Which drinking water is cleaner: the treated or well-water that flows from your tap? Or the muddy liquid an Indian woman buckets from the Ganges, where herds of “sacred” cows wade and urinate and throngs of people bathe and do laundry? Yet India is far less capitalistic, far less “tainted” by industry, than America is.
It’s not a coincidence that countries with the most government controls are also the most polluted. I’ve breathed the dirty air of a few former totalitarian, Eastern European nations, and I can attest that Hungary and Bosnia, for example, are far more polluted overall than, say, Houston or L.A..
If industrial progress was as harmful to mankind as environmentalists would have us believe, then the life expectancy of people living in the most industrialized nations would be decreasing, not increasing. Yet the average life-span of someone born in the US in 1900 was about 49 years; now it’s around 78, a rise of over 25 years in the course of a mere century.

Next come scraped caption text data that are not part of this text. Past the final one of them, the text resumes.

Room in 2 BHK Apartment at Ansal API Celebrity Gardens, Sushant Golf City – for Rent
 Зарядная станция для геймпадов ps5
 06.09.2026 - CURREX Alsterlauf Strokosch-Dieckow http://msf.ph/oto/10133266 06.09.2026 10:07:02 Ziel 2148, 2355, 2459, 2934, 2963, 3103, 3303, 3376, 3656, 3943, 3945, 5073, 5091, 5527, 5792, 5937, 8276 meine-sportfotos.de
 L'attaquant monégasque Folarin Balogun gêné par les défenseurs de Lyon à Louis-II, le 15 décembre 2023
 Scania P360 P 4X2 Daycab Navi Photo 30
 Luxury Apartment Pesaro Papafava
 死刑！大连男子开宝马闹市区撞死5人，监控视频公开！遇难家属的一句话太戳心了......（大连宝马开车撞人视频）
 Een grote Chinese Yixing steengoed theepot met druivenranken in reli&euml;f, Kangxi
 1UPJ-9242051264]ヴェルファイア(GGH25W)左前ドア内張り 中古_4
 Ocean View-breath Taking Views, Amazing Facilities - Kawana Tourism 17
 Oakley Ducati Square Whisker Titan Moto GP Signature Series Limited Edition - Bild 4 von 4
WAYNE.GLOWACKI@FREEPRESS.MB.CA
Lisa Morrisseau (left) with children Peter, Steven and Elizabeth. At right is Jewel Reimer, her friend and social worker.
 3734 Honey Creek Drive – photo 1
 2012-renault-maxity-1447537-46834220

Back when people were “close to nature,” i.e., in pre-industrial Europe of the Middle Ages and Dark Ages, they were lucky to reach their mid-20s. As author Ayn Rand put it: “Anyone over 30 years of age today, give a silent ‘Thank you’ to the nearest, grimiest, sootiest smokestack you can find.”
If the planet truly did require ecological salvation (and there’s plenty of evidence indicating it doesn’t), ask yourself who’d be more apt to achieve a solution — one million bureaucrats or “Earth First!” members compelled by their “love for nature”? Or one creative genius of the caliber of Bill Gates or Henry Ford driven by the profit-motive? You know the answer.